Acceptance and commitment therapy, also known as ACT, aims to increase one’s psychological flexibility. This can be an important skill that many individuals who receive applied behavior analysis services could benefit from improving.
The Association for Contextual Behavioral Science defines ACT in this way:
“In theoretical and process terms we can define ACT as a psychological intervention based on modern behavioral psychology, including Relational Frame Theory, that applies mindfulness and acceptance processes, and commitment and behavior change processes, to the creation of psychological flexibility (Hayes, ND).”
Psychological flexibility is a complex concept. It includes being able to be in the present moment with your mind and your body in a way that allows you to be aware of what is happening in the now. Additionally, psychological flexibility includes being able to intentionally act in ways that are beneficial and helpful to yourself. By being more psychologically flexible, you can behave in ways that are connected to your own personal values and goals.

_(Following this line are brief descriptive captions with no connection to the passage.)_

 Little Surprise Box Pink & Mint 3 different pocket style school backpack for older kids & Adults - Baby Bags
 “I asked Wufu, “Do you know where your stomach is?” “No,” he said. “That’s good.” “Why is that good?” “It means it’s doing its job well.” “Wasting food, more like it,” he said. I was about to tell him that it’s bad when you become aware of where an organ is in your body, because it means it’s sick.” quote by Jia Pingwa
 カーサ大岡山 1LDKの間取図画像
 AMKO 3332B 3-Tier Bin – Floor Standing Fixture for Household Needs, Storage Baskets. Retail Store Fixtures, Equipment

To obtain healthy levels of psychological flexibility, a person can utilize a combination of the six core processes of ACT.
6 Core Processes of ACT
- Cognitive Defusion
- Contacting the Present Moment
- Self as Context
- Committed Action
Acceptance doesn’t mean you are okay with something. It doesn’t mean you want the pain or struggle. Acceptance means that you open up and make room to experience the unpleasant thoughts and emotions and events of the human experience. You stop fighting with them. You don’t engage with the struggle to get rid of the unpleasant sensations or discomfort.
Cognitive defusion – or just defusion – has to do with being able to recognize our thoughts as just that…They are just thoughts (words or pictures in the mind). Defusion allows you to be able to step back from your thoughts and not be consumed by them.

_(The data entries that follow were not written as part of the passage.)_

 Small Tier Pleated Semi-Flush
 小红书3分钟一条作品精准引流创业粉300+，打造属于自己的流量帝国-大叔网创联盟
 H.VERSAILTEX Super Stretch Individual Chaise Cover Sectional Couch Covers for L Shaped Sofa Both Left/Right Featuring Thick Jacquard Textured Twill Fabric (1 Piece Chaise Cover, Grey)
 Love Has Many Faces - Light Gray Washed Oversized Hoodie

Contacting the Present Moment
Contacting the present moment has to do with “being in the now.” This principle means that you are focused on what is happening with you and/or in your environment right now and less-so with what has happened in the past or what may happen in the future.
Self as context refers to “the observing self.” This is the part of you that is able to step back and watch what is happening within you. You can know that you are thinking and experience physical or emotional sensations. You can think about your thinking.

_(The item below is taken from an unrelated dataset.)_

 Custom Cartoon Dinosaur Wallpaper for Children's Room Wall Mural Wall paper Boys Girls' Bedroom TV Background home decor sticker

Values are what you most care about. Values have to do with what you want your life to be about, what you want to stand for, and what you ultimately experience as your true drive. Values help you to steer your behaviors toward what is meaningful to you.
In ACT, it is important not to forget or downplay the part where you must take action on your values. Committed action is about taking effective action and behaving in ways that are guided by your values. This allows you to create a fulfilling and satisfying quality of life (Harris, 2009).
Harris, R. 2009. ACT Made Simple: An Easy-To-Read-Primer on Acceptance and Commitment Therapy. New Harbinger Publications, Inc. Retrieved from: https://www.actmindfully.com.au/upimages/ACT_Made_Simple_Introduction_and_first_two_chapters.pdf
Hayes, S. ND. The Six Core Processes of ACT. Association for Contextual Behavioral Science. Retrieved on Sept. 12, 2019: from: https://contextualscience.org/the_six_core_processes_of_act#.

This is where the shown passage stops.